Additional information can be added. You can create a minimal spanning tree, and overlay this on the map, as is done on the map below.
Kohonen's example set of vectors is highly artificial. As a more natural example, I created a set of vectors from statistical data about occurrences of combinations of characters in Dutch words. The result is a set of 24 vectors of dimension 58. The characters q, x and y are omitted for their rarity in Dutch. The combination ij is considered to be one character, a vowel.
Applying nearest neighbor vector clustering, using my clustering software results in an image of a dendrogram, as displayed below. Note that creating a dendrogram for Kohonen's example set of vectors is meaningless because all pairs of nearest neighbors have an identical square difference. By the way, the algorithm to obtain nearest neighbor vector clustering is identical to the algorithm used to obtain the minimal spanning trees.
The result of creating a Kohonen map, with all the bells and whistles, from this set of vectors is shown below. One more additional type of information is made visible here. The lines of the minimal spanning tree indicate the difference between linked vectors. Closed lines indicate strong resemblance (e.g. l, r), open lines indicate strong difference (e.g. h, j).
Here is a large example. A spanning tree is omitted.
The usage of koh is fairly simple. Just run the program without any parameters for a list of possible options. For the syntax of the input file, refer to one of the examples.
You may want to modify the PostScript file produced by the program. All relevant options are at the top of the file. DX and DY define width and height of one unit. The flags SHOW_GRAY and SHOW_LINKS define whether or not to use the extensions. ANGLE controls the angle of curved links. If you plan to include the PostScript image into another document, remember to adjust the values of the BoundingBox, if you have changed the size of the image.
Sometimes it may be necessary to adjust the positioning of the labels on the map as produces by the program. For instance, two labels may be unreadable because they are mapped to the same unit. The commands to draw the labels are at the end of the PostScript file. When two short labels are mapped to the same unit you could delete one line in the PostScript file, and combine the labels on the other line. For instance, the labels (A) and (B) could become (A, B). Longer labels could be placed above each other. The command for drawing the labels uses three arguments, X and Y coordinate and the label itself. The coordinates are given as integer values, but they need not be. When two labels overlap, you can add .15 to the Y coordinate (second argument) of one label, and subtract .15 from the Y coordinate of the other label.

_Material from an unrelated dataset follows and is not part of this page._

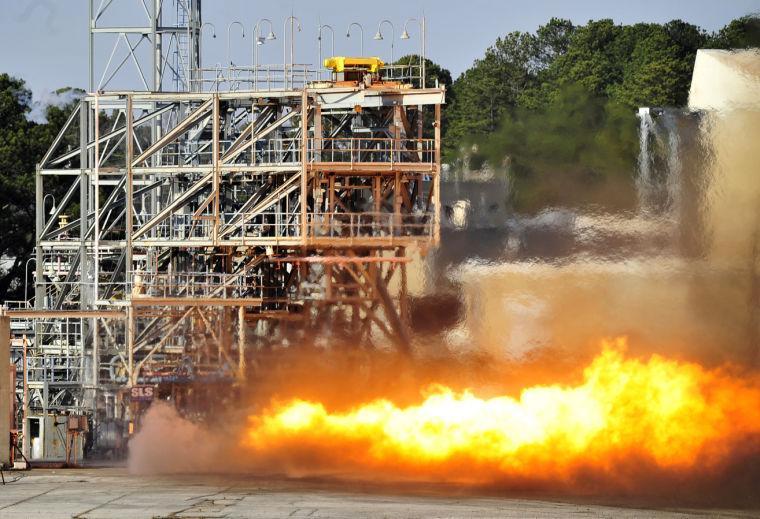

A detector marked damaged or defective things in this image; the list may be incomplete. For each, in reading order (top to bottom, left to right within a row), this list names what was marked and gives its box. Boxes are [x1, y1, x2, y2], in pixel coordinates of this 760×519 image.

rusty metal structure [5, 0, 442, 464]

The usage of kohview is as simple as possible. Just run the program with as an argument the name of one of the files produces by koh, but without the extension.
What was stated above about the positioning of labels in the PostScript file applies to the output of kohview as well. In this case you need to make similar adjustments to the file with the extension .top as produced by the koh program.